Take the entries that follow and return exactly the lines from the one holding "Gradient Shore View" through the one holding "Top 10 Cat Foods", both included. Nothing else is needed.

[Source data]
* * * * * * *
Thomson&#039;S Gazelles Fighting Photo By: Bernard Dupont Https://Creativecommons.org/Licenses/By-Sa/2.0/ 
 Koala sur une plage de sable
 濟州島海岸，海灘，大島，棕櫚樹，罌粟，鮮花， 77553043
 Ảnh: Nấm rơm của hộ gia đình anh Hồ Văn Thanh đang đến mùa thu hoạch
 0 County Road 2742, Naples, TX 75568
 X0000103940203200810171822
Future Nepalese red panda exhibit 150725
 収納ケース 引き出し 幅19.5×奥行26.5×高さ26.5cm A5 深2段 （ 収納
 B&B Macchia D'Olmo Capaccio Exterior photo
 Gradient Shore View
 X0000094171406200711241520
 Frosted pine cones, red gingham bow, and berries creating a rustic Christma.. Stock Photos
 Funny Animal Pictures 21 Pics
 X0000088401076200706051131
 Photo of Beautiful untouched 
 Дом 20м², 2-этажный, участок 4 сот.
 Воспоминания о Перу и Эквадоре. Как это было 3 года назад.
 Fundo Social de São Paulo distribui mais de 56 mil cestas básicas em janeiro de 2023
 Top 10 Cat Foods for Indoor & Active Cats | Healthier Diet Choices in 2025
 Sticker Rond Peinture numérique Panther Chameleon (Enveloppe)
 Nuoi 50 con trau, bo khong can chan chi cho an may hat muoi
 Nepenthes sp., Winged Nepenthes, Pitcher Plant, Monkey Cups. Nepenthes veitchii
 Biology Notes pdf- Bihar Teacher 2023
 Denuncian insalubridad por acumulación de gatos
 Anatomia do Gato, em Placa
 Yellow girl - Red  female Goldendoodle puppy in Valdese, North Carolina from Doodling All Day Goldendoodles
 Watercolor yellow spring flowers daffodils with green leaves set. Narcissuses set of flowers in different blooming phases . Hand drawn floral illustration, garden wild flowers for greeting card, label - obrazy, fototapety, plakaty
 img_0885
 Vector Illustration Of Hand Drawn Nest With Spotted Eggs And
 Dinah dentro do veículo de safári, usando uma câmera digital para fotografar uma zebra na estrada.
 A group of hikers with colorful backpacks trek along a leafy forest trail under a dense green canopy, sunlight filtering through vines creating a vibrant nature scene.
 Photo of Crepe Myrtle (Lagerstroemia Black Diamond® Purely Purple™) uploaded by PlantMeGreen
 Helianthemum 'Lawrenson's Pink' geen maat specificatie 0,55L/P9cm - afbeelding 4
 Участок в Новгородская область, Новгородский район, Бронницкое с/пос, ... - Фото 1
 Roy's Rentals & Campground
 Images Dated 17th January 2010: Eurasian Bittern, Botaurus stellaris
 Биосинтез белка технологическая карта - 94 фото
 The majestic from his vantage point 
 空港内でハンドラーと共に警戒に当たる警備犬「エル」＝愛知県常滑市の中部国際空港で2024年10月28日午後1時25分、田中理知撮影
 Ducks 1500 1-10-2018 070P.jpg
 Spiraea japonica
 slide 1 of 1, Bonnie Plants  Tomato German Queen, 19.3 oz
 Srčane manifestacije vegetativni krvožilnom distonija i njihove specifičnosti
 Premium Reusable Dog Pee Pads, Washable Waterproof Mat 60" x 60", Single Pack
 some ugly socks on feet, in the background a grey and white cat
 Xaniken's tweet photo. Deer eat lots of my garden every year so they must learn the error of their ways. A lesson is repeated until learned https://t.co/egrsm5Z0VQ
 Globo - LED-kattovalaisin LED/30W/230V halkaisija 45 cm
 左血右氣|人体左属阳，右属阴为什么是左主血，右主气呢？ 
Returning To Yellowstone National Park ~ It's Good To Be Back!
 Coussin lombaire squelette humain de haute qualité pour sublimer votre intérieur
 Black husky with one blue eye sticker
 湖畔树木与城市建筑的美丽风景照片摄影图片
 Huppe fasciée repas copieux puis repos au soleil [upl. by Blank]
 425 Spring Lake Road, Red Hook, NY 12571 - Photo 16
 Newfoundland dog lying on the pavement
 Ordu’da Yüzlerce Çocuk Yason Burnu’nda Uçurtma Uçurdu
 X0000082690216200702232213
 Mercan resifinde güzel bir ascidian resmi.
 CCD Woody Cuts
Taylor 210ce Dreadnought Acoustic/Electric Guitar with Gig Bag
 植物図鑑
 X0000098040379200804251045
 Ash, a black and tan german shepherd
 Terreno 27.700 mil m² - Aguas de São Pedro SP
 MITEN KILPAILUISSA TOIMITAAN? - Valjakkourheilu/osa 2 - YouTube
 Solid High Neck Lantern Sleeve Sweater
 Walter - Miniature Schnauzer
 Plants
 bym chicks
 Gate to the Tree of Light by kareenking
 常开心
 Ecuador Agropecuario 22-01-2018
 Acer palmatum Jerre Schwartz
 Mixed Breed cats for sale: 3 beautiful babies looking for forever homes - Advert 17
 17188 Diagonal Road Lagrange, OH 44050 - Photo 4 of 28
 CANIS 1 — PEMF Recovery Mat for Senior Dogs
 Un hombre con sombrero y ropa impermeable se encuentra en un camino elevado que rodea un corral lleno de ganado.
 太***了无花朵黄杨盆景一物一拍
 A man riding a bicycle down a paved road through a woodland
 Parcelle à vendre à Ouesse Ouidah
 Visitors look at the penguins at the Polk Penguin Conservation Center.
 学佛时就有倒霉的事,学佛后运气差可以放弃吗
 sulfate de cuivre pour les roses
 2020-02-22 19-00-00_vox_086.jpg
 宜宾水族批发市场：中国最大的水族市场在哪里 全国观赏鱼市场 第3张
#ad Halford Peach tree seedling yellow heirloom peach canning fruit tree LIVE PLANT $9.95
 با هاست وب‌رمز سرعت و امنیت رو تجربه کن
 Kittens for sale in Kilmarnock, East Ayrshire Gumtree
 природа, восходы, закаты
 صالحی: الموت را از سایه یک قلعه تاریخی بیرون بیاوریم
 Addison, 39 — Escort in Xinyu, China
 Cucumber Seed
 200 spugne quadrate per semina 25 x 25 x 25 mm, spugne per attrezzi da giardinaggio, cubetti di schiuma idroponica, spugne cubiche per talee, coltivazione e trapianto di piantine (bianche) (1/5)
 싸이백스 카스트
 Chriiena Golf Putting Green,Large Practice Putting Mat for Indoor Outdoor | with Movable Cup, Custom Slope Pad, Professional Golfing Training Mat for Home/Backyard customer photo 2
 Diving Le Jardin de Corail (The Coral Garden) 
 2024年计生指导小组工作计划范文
* * * * * * *
● **ANSWER SPACE**
 Gradient Shore View
 X0000094171406200711241520
 Frosted pine cones, red gingham bow, and berries creating a rustic Christma.. Stock Photos
 Funny Animal Pictures 21 Pics
 X0000088401076200706051131
 Photo of Beautiful untouched 
 Дом 20м², 2-этажный, участок 4 сот.
 Воспоминания о Перу и Эквадоре. Как это было 3 года назад.
 Fundo Social de São Paulo distribui mais de 56 mil cestas básicas em janeiro de 2023
 Top 10 Cat Foods for Indoor & Active Cats | Healthier Diet Choices in 2025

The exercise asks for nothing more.